Ms Valeria Betancourt (Association for Progressive Communications [APC]), moderated the session. The session aimed to discuss specific policy and regulatory recommendations and suggestions oriented to establish enabling environments for community networks.
Mr Sebastián Bellagamba (Internet Society [ISOC]) said that they are working on the sustainable development goals [SDGs], as the agreement, which says that everyone need to be connected. He added that connecting should happen as quickly as possible since the digital divide is getting wider. He underlined community networks as one of the available solutions. In relation to community networks he noted:
- commitment and engagement by the community which agreed on the need to be connected. Sustainability of the process of connecting is important.

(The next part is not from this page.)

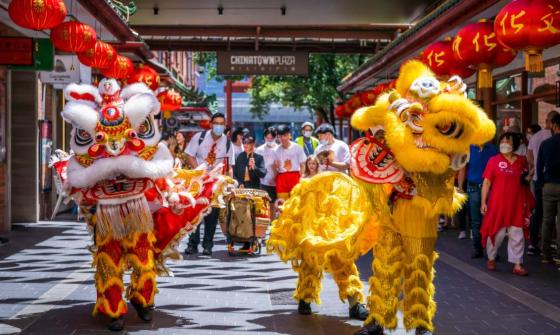 People watch lion dances in Chinatown Plaza in Adelaide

- apart from governments, private sector needs to be involved in the process otherwise there is no connection
- regulatory enabling environment, because licence to operate is a must.

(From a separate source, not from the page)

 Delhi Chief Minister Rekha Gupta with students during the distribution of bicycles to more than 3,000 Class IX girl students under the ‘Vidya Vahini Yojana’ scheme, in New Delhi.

- it is important to create capacities which, for eg. APC is doing very well.
Ms Karla Velasco (REDES) said that in Mexico there is a lack of quality and knowledge on networks maintenance. Infrastructure was put in place but no one knew how to use it. They have organised a six-months long workshop in Mexico for indigenous communities which resulted with people changing connection from satellite to broadband. There is an open application for indigenous people in collaboration with ITU, workshop will be online. When it comes to universal access funds she spoke about two different cases in Canada. In the first case government used universal access funds, around 60 million Canadian dollars, to provide fibre to communities in need through national telephone company, but did not manage to successfully connect their community.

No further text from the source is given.